[Stored data]
* * * * * * * * *

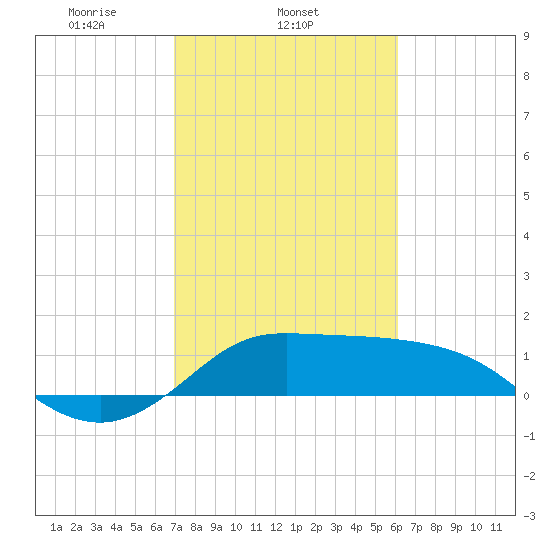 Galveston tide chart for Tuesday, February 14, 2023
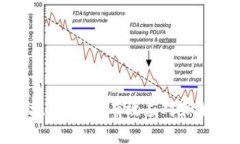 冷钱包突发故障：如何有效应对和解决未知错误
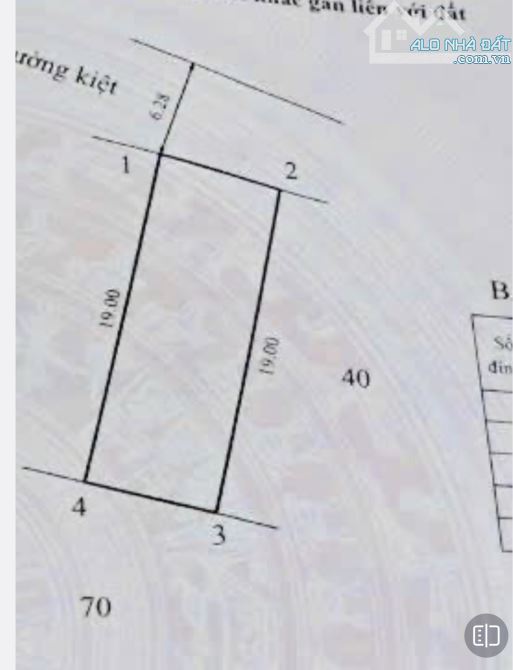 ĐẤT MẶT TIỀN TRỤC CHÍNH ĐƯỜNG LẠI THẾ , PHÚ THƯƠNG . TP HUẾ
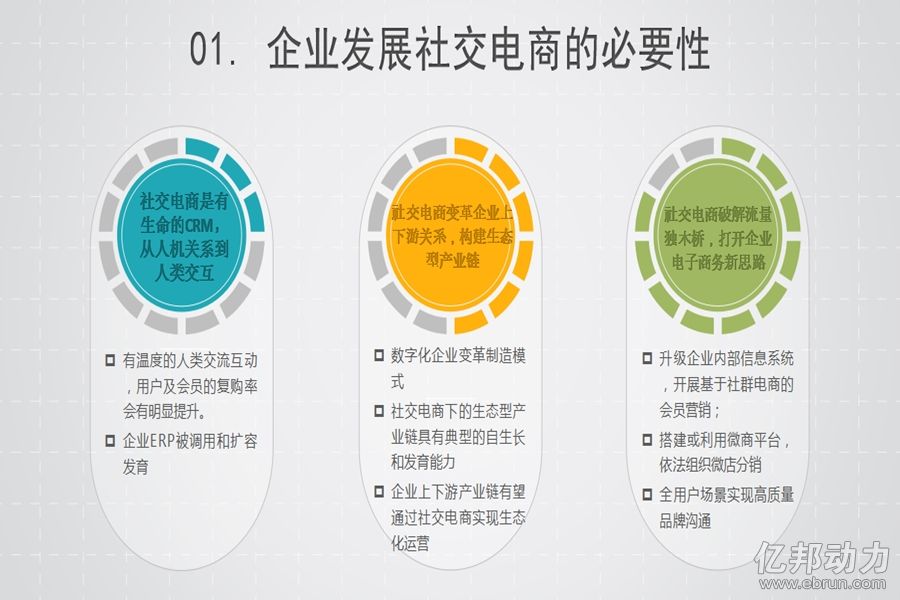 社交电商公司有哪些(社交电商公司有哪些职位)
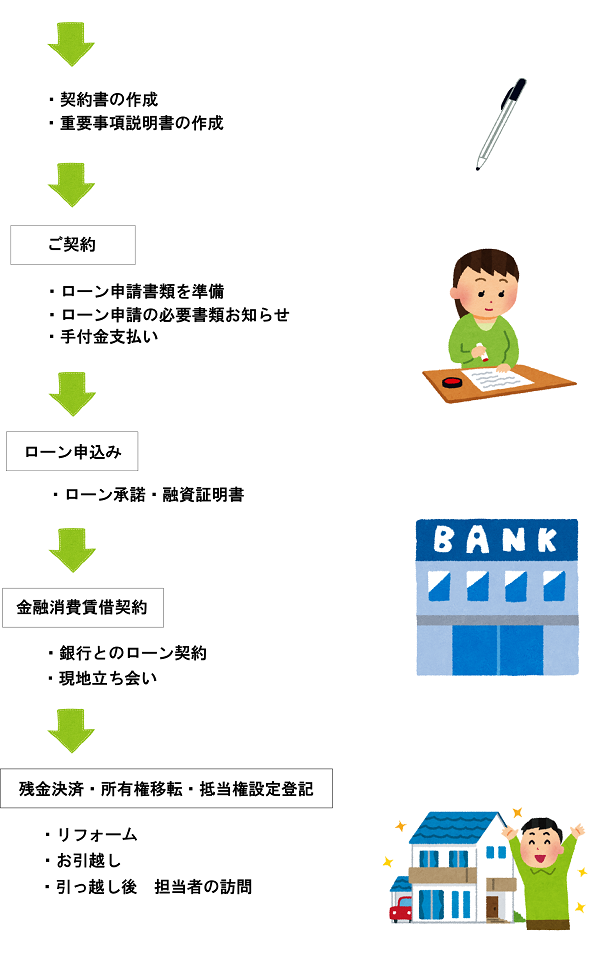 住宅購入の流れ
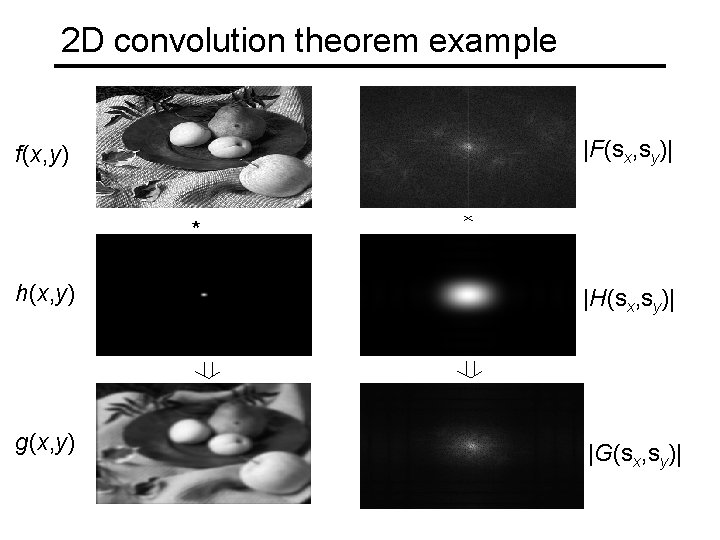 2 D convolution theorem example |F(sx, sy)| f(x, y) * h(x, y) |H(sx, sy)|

* * * * * * * * *

Action item
Word for word, return all the entries and skip their pictures.

Answer
 Galveston tide chart for Tuesday, February 14, 2023
 冷钱包突发故障：如何有效应对和解决未知错误
 ĐẤT MẶT TIỀN TRỤC CHÍNH ĐƯỜNG LẠI THẾ , PHÚ THƯƠNG . TP HUẾ
 社交电商公司有哪些(社交电商公司有哪些职位)
 住宅購入の流れ
 2 D convolution theorem example |F(sx, sy)| f(x, y) * h(x, y) |H(sx, sy)|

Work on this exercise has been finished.